Re: [PATCH v12 2/6] mm/vmstat: Use vmstat_dirty to track CPU-specific vmstat discrepancies

From: Marcelo Tosatti
Date: Wed Jan 04 2023 - 07:37:03 EST


On Fri, Dec 30, 2022 at 02:21:32PM +0100, Frederic Weisbecker wrote:
> On Tue, Dec 27, 2022 at 09:11:39AM -0300, Marcelo Tosatti wrote:
> > @@ -606,6 +608,7 @@ static inline void mod_zone_state(struct
> >
> > if (z)
> > zone_page_state_add(z, zone, item);
> > + vmstat_mark_dirty();
> > }
> >
> > void mod_zone_page_state(struct zone *zone, enum zone_stat_item item,
> > @@ -674,6 +677,7 @@ static inline void mod_node_state(struct
> >
> > if (z)
> > node_page_state_add(z, pgdat, item);
> > + vmstat_mark_dirty();
>
> Looking at this further, about the two above chunks, there is a risk to
> mark the wrong CPU dirty because those functions are preemptible and rely
> on this_cpu_cmpxchg() to deal with preemption.
>
> Thanks.

Hi Frederic,

Yes, good catch: if the CPU is preempted after this_cpu_cmpxchg(),
but before vmstat_mark_dirty, then one ends up with a CPU with
per-CPU vm counters dirty and the per-CPU vmstat dirty bit unset.

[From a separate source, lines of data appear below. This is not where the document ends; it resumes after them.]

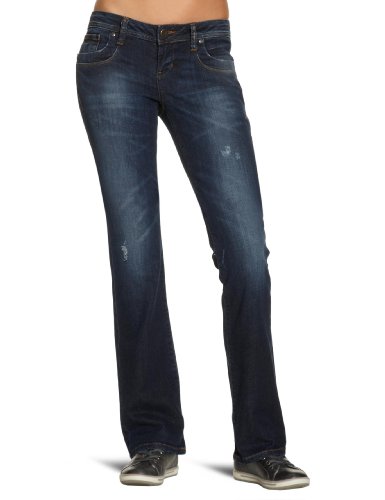 LTB Jeans Damen Jeanshose/ Lang  5145 / Valerie Bootcut, Gr. 26/30, Blau (Newspirit Wash 1 Preisvergleich
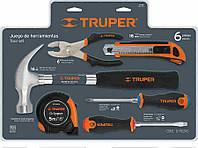 Набор инструментов Truper (JGO-CAS6X)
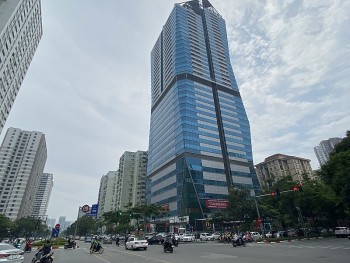 Handico 6 đang hợp thức hoá vi phạm toà nhà Diamond Flower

This could cause a CPU to remain with the per-CPU vm counters dirty
for longer than sysctl_stat_interval.

Should move vmstat_mark_dirty() above "if (z)", then do
preempt_disable() on function entry and preempt_enable()
after vmstat_mark_dirty. Luckily preempt_disable()/preempt_enable()
is much cheaper than local_irq_disable()/local_irq_enable().